Peter revered his one sibling, a sister, Kathryn, five years older, whom he credited with providing him lifelong artistic inspiration. She died at 25 in a car accident.

Mr. Jonas attended the Worth School in Sussex, then studied English literature at the university there. After working as an extra and stagehand at the Glyndebourne Festival, he studied opera and music at the Royal Northern College of Music in Manchester and, later, the Royal College of Music in London.

Thinking he might become a baritone, he studied at the Eastman School of Music in Rochester, N.Y., and met Patrician Richards, a soprano, to whom he was briefly married. In 1973 he began a long relationship with the soprano Lucia Popp.

Georg Solti, the Chicago Symphony’s music director, hired Mr. Jonas in 1974 as his personal assistant. Three years later he was appointed the orchestra’s artistic administrator.

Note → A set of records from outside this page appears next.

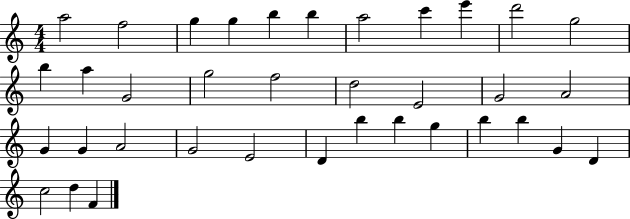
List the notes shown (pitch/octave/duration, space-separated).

A5/h F5/h G5/q G5/q B5/q B5/q A5/h C6/q E6/q D6/h G5/h B5/q A5/q G4/h G5/h F5/h D5/h E4/h G4/h A4/h G4/q G4/q A4/h G4/h E4/h D4/q B5/q B5/q G5/q B5/q B5/q G4/q D4/q C5/h D5/q F4/q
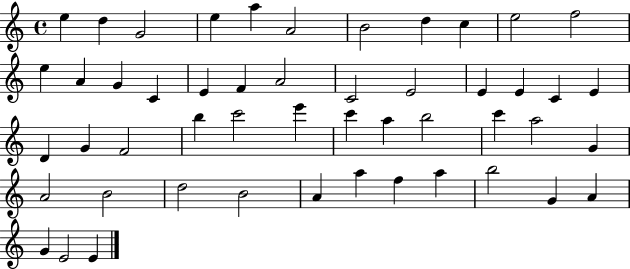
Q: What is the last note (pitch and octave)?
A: E4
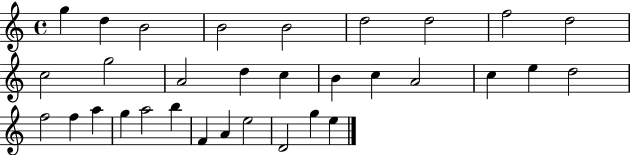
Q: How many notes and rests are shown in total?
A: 32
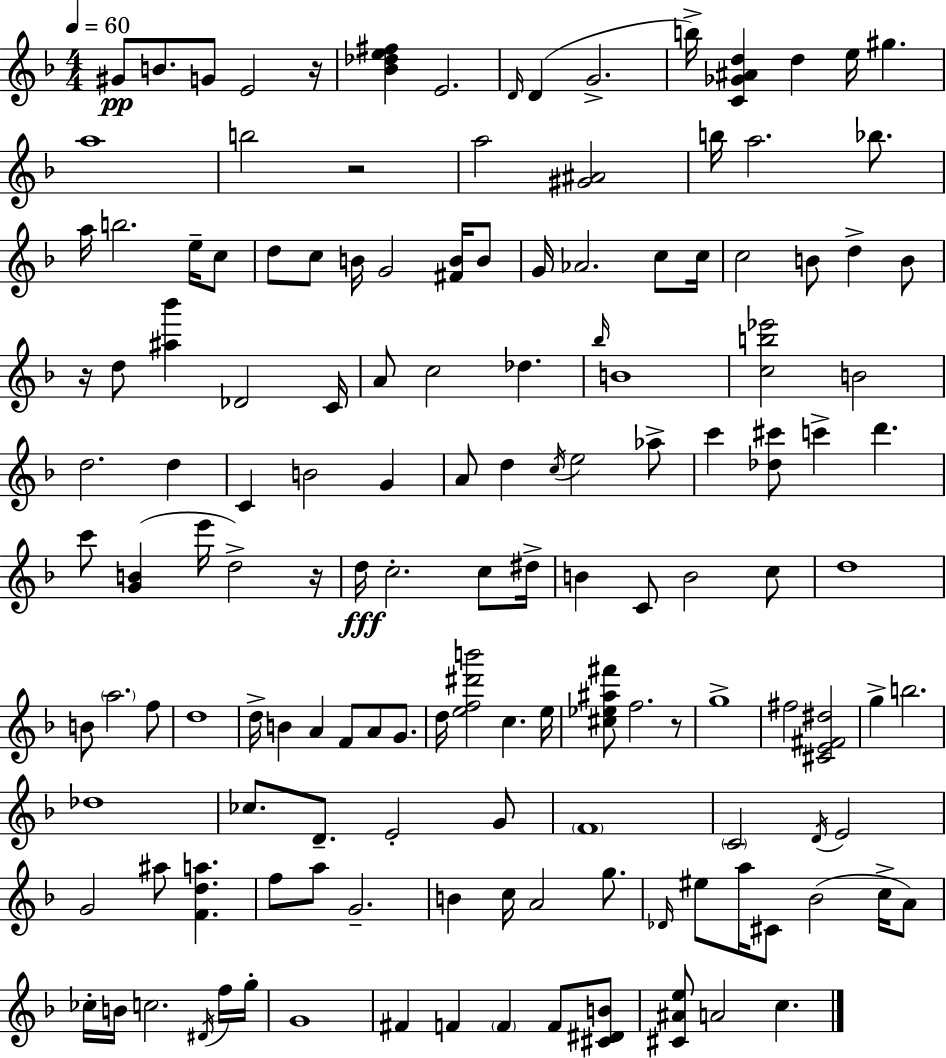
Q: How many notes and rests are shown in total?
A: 144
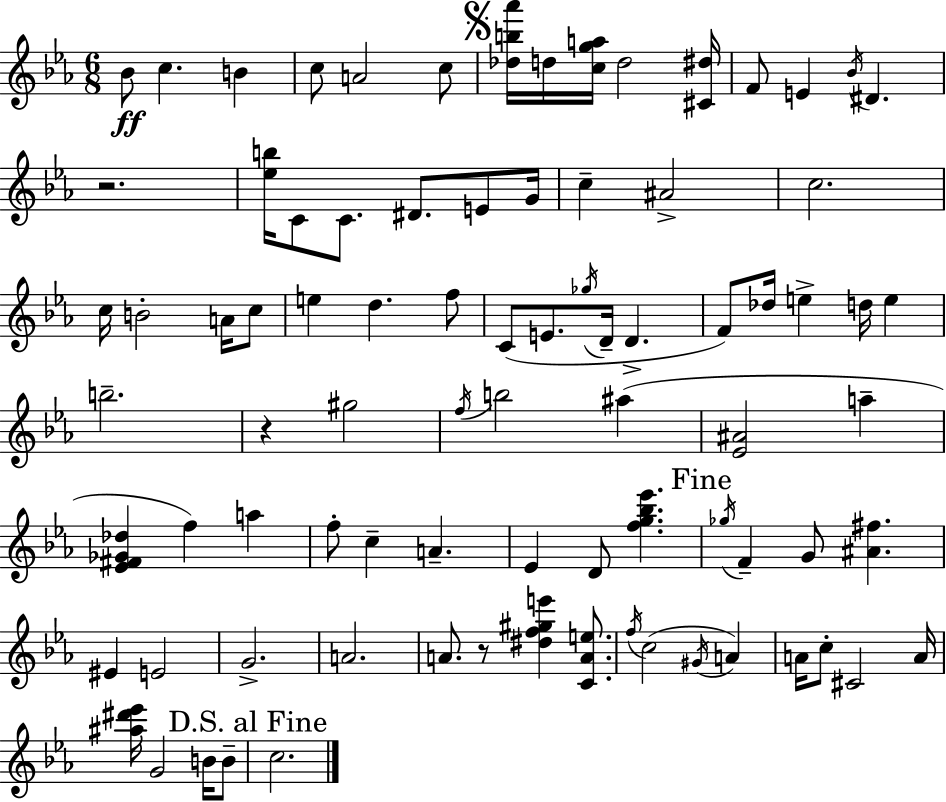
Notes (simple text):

It seemed a vote of confidence, if risky, when in 1984 Mr. Jonas, then just 37, was chosen as general director of the English National Opera. He believed in the company’s “wonderful, consistent tradition” of bringing “opera to the people in the most direct possible way,” he said in a New York Times interview that year.

Dismissing the Royal Opera at Covent Garden in many interviews as “international opera for people who can afford it,” Mr. Jonas made the English National Opera a place where social, political and psychological elements of repertory works were brought out in theatrically daring, musically distinguished productions. He also fought with back-office managers who worried about balance sheets and became an outspoken agitator for government support of the arts.

His appointment as intendant at the Bavarian State Opera was announced in 1991, two years before he arrived. Mr. Jonas, who spoke fluent German, was the first British national to run a major German house.

The company, by many accounts, had grown artistically timid, in part because of the influence of its music director, Wolfgang Sawallisch, an eminent conductor but conservative in his attitude toward repertory and staging.

That changed after Mr. Jonas arrived. Musical standards, too, which many critics felt had been slipping for years, were stabilized in 1998 when Mr. Jonas brought in Zubin Mehta as music director. During the glory years of his tenure, Mr. Jonas touted the Bavarian State Opera as arguably the world’s busiest theater, typically with some 360 performances a year of 50 operas and 20 ballets, as well as a postseason festival that often presented 30 operas over six weeks.

While still in London, after his relationship with Ms. Popp ended, Mr. Jonas married Lucy Hull in 1989; they divorced in 2001. In 2012, after several years together, Mr. Jonas and Barbara Burgdorf, a concertmaster of the company’s orchestra, were married. She survives him.

Mr. Mehta and Mr. Jonas stepped aside the same year, 2006. Mr. Jonas, who had grappled with recurring hospitalizations and treatments for cancer, said he wanted to walk the length of Europe, from Inverness in Scotland to Palermo in Sicily.

“I want to find out what Europe is and why,” he said in a 2005 interview. “Why doesn’t it work? How could it work?”

He and Ms. Burgdorf “almost truly did it, in spurts,” she said by phone, over more than 10 years, and he reconnected with the European concept of freedom, diversity and tolerance.